▶ Exercise directions
What the task requires is each entry, restated exactly.

Crawled caption data:
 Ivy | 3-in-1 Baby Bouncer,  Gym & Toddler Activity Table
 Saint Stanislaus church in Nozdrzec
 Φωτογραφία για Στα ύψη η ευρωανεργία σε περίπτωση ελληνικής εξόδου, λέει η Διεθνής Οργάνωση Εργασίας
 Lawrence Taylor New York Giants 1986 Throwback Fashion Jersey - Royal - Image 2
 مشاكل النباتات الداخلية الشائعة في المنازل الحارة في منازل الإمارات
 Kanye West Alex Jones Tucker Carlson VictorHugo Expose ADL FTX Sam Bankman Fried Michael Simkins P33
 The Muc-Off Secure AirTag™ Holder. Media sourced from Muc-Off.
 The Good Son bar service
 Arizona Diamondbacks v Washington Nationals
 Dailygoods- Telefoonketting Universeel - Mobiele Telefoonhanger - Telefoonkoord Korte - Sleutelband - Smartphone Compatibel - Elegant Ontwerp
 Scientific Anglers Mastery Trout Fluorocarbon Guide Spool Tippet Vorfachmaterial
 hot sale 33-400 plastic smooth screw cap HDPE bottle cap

▶ Written reply
 Ivy | 3-in-1 Baby Bouncer,  Gym & Toddler Activity Table
 Saint Stanislaus church in Nozdrzec
 Φωτογραφία για Στα ύψη η ευρωανεργία σε περίπτωση ελληνικής εξόδου, λέει η Διεθνής Οργάνωση Εργασίας
 Lawrence Taylor New York Giants 1986 Throwback Fashion Jersey - Royal - Image 2
 مشاكل النباتات الداخلية الشائعة في المنازل الحارة في منازل الإمارات
 Kanye West Alex Jones Tucker Carlson VictorHugo Expose ADL FTX Sam Bankman Fried Michael Simkins P33
 The Muc-Off Secure AirTag™ Holder. Media sourced from Muc-Off.
 The Good Son bar service
 Arizona Diamondbacks v Washington Nationals
 Dailygoods- Telefoonketting Universeel - Mobiele Telefoonhanger - Telefoonkoord Korte - Sleutelband - Smartphone Compatibel - Elegant Ontwerp
 Scientific Anglers Mastery Trout Fluorocarbon Guide Spool Tippet Vorfachmaterial
 hot sale 33-400 plastic smooth screw cap HDPE bottle cap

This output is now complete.